• UNPROTECTED LEFT MAIN OSTIAL AND SHAFT PCI IN A PATIENT WITH IMPENDING STEMI

    February 19th 2013 www.tctmd.com

    By Deepak Natarajan

    Tuesday, February 19, 2013

    Operator(s):

    Deepak Natarajan, Nirmalya Mukherjee and Rohit Kumar.

    Affiliation:

    Cardiological Society of India.

    Facility:

    Moolchand MedCity, New Delhi, India

    History:

    A 56 year male who had been smoking for more than 4 decades and had undergone PCI with stenting of his mid left anterior descending (LAD) artery in 2004 presented with severe retrosternal chest pain with perspiration and breathlessness. His 12 lead ECG revealed sinus rhythm with ST elevation from V1-V3 and ST segment depression in L2, L3, and AVF (Figure 1). The patient had persisted with smoking and had been erratic with his medication.

    Angiography:

    1) RCA: Near normal and dominant and providing collaterals to the left circumflex artery (LCX) (figure 2).
    2) LM: 85% ostial stenosis with a 50% stenosis of the proximal LAD. The stent in the LAD was patent. The LCX was totally occluded proximally (figure 3figure 4 ).
    3) The SYNTAX score was calculated at 30 (intermediate risk group).

    Procedure:

    In view of the acute coronary syndrome setting it was decided to do PCI of the left main lesions. A 0.014″ floppy guidewire was negotiated across the LM lesions into the LAD. The LM lesions were pre-dilated with a 2.5x15mm balloon (figure 5) with the balloon protruding slightly into the aorta. A 3.5x15mm Resolute DES was similarly positioned with slight extension into the aorta and deployed at 16atm (figure 6figure 7). Post-dilation was performed with a 4.5X12mm NC balloon at 18atm (figure 8).

    Conclusion:

    Angiogram demonstrated brisk TIMI 3 flow with no residual stenosis (figure 9figure 10). There was also rapid resolution in his 12 lead ECG (figure 11).

    Comments:

    Significant unprotected left main coronary artery stenoses occur in 5-6% of patients undergoing coronary angiography. Meta-analyses have shown similar mortality rates up to one year with CABG and PCI, but repeat revascularization has always been more common with PCI while CVA has always been greater with CABG.
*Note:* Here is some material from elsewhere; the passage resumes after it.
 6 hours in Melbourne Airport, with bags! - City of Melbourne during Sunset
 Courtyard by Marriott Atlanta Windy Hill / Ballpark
    The 5-year results of the SYNTAX trial has showed comparable mortality and myocardial infarction rates in patients with LM disease undergoing CABG and PCI in the low and intermediate SYNTAX score groups. The results were quite different in patients with 3-vessel disease where CABG was superior in the intermediate and high SYNTAX score groups.
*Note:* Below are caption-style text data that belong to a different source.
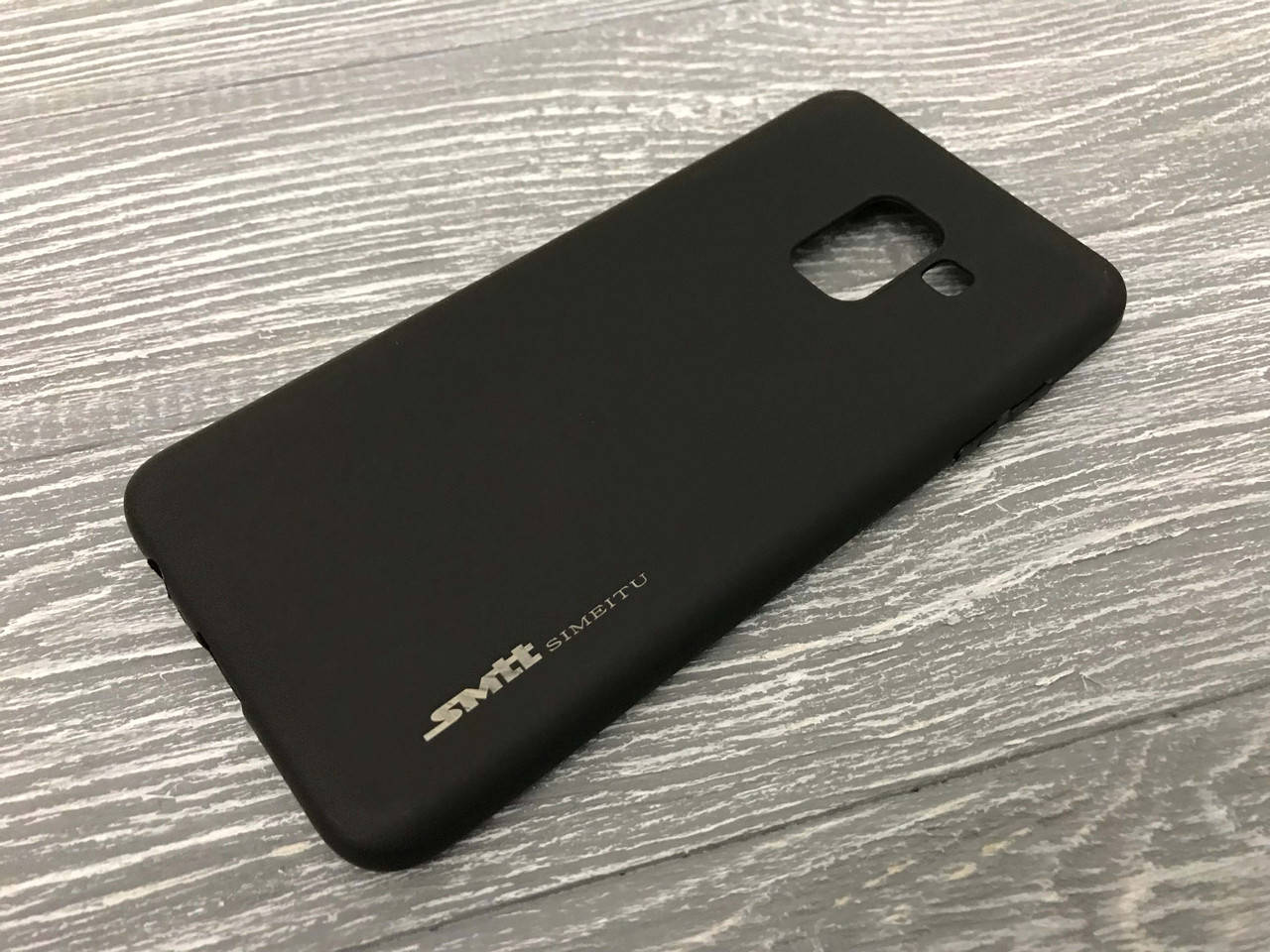 

TPU чехол Smitt накладка бампер для Samsung Galaxy A8 (2018) (3 цвета) черный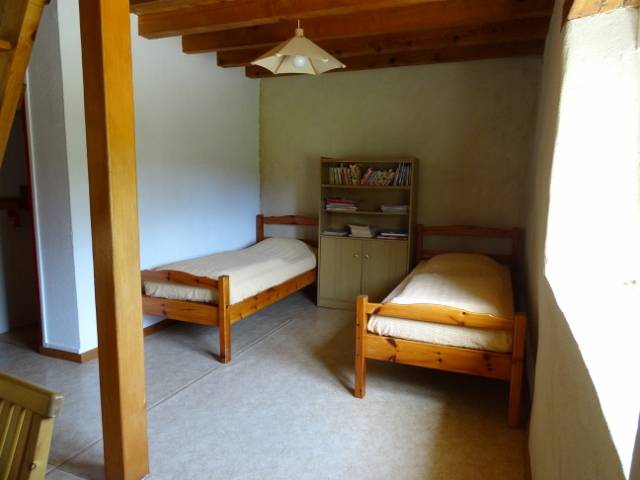 lit simple chambre
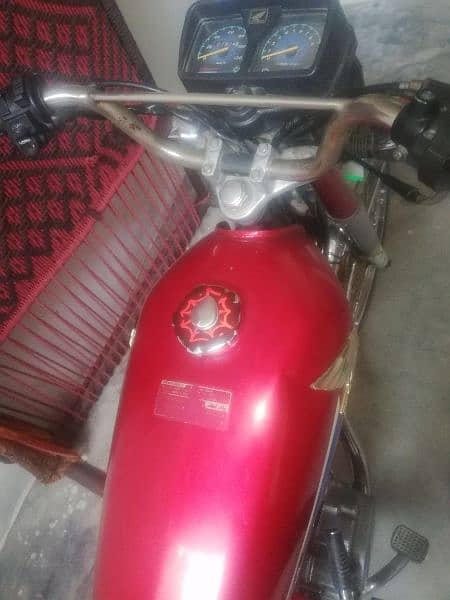 Honda 125 8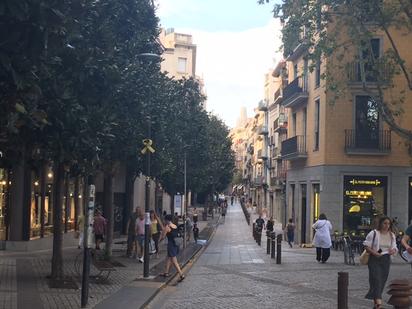 Exterior view of Premises to rent in Girona Capital  with Air Conditioner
    This patient had an intermediate risk (SYNTAX) score with lesions of his left main ostium and shaft. Left main disease of the ostium and or body are considered a 2a indication by both European and American interventional cardiology societies. But this patient also had multivessel disease and would therefore fall in the 2b indication slot. Managing ostial/shaft left main disease is relatively simpler than distal left main disease, but care must be taken to ensure that the stent protrudes just a little bit proximally into the aorta. In this case a second generation DES was utilized; it may perform the same or better than the paclitaxel DES used in SYNTAX. The ongoing EXCEL trial compares Xience (everolimus eluting) stents with CABG in patients with left main disease.

    In the ACS setting PCI for ULMCA carries an in-hospital mortality rate of almost 20% while death rates have been found to be about 11% in patients with ST-segment elevation myocardial infarction.